__Task material__:
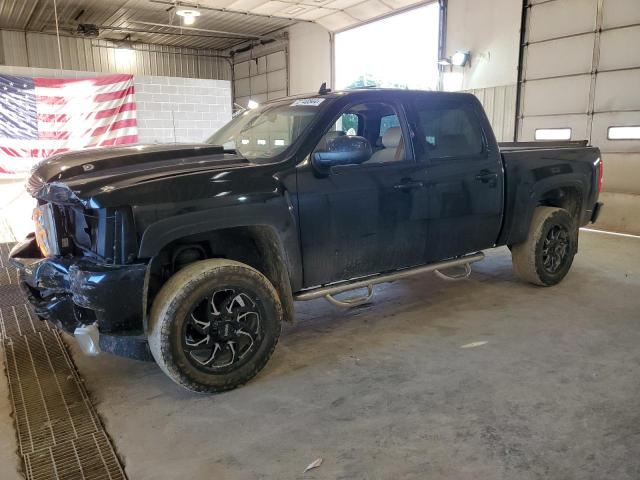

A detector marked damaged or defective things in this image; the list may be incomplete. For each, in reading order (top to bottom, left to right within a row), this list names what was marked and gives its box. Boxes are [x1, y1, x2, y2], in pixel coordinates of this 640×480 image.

front end damage [9, 232, 152, 360]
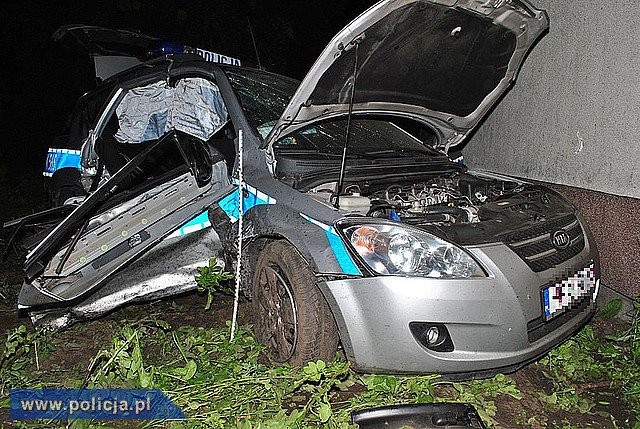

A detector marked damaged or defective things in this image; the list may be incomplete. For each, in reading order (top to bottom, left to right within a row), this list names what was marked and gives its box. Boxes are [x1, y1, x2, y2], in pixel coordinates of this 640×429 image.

shattered windshield [224, 67, 298, 137]
shattered windshield [276, 118, 440, 159]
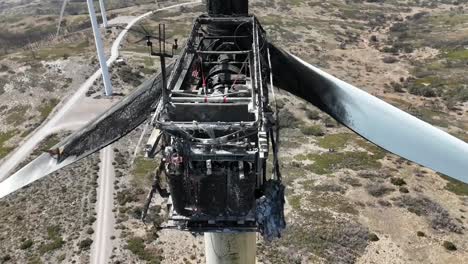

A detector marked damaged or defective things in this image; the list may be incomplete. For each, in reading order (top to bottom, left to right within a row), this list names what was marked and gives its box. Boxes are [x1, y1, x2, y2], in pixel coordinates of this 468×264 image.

damaged rotor blade [0, 65, 172, 198]
charred nacelle [146, 14, 286, 238]
damaged rotor blade [268, 43, 468, 184]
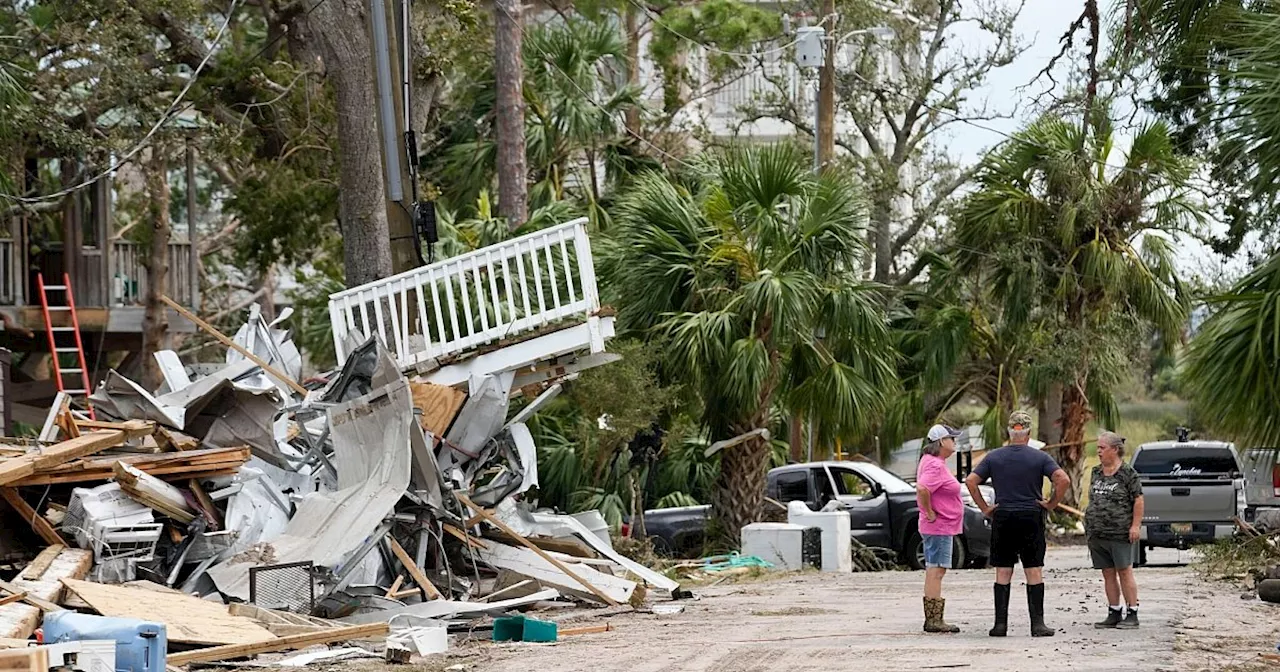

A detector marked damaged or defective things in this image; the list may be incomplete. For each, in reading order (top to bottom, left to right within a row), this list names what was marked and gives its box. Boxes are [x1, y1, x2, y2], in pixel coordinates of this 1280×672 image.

splintered lumber [161, 294, 308, 399]
splintered lumber [407, 381, 468, 435]
splintered lumber [0, 488, 66, 547]
broken wooden plank [0, 488, 66, 547]
splintered lumber [18, 542, 64, 578]
broken wooden plank [19, 542, 64, 578]
splintered lumber [0, 547, 88, 637]
broken wooden plank [0, 432, 124, 483]
splintered lumber [0, 432, 126, 483]
splintered lumber [14, 445, 249, 481]
broken wooden plank [112, 460, 194, 524]
splintered lumber [113, 460, 197, 524]
broken wooden plank [60, 576, 275, 645]
splintered lumber [61, 576, 276, 645]
splintered lumber [386, 535, 442, 596]
broken wooden plank [386, 535, 442, 596]
splintered lumber [458, 488, 622, 604]
broken wooden plank [458, 491, 622, 606]
broken wooden plank [476, 542, 634, 604]
splintered lumber [0, 645, 49, 670]
broken wooden plank [165, 619, 386, 665]
splintered lumber [167, 619, 391, 665]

__Requirement__: Here the lines from the one containing "this 640×429 image." through the end of the material are to be copied exactly, with the pictures omitted.

__Worked solution__:
A detector marked damaged or defective things in this image; the list may be incomplete. For each, in reading order (top to bottom, left to right within a row), this list names what was marked and gives its box. Boxes are [x1, y1, x2, y2], in pixel coordinates of this 640×429 image.

shattered windshield [224, 67, 298, 137]
shattered windshield [276, 118, 440, 159]

A detector marked damaged or defective things in this image; the list may be incomplete. For each, in reading order (top to bottom, left to right within a row), this list names what was marked and gives its box. Boxes are [x1, y1, x2, y2], in pixel coordinates of this 468×264 image.

damaged rotor blade [0, 65, 172, 198]
charred nacelle [146, 14, 286, 238]
damaged rotor blade [268, 43, 468, 184]

A detector marked damaged or defective things in this image; the list may be incomplete. For each, in reading order (top to bottom, left to right within a row), this list names what was marked and gives its box. Boxes are [x1, y1, x2, y2], in pixel coordinates of this 1280×672 image.

splintered lumber [161, 294, 308, 399]
splintered lumber [407, 381, 468, 435]
splintered lumber [0, 488, 66, 547]
broken wooden plank [0, 488, 66, 547]
splintered lumber [18, 542, 64, 578]
broken wooden plank [19, 542, 64, 578]
splintered lumber [0, 547, 88, 637]
broken wooden plank [0, 432, 124, 483]
splintered lumber [0, 432, 126, 483]
splintered lumber [14, 445, 249, 481]
broken wooden plank [112, 460, 194, 524]
splintered lumber [113, 460, 197, 524]
broken wooden plank [60, 576, 275, 645]
splintered lumber [61, 576, 276, 645]
splintered lumber [386, 535, 442, 596]
broken wooden plank [386, 535, 442, 596]
splintered lumber [458, 488, 622, 604]
broken wooden plank [458, 491, 622, 606]
broken wooden plank [476, 542, 634, 604]
splintered lumber [0, 645, 49, 670]
broken wooden plank [165, 619, 386, 665]
splintered lumber [167, 619, 391, 665]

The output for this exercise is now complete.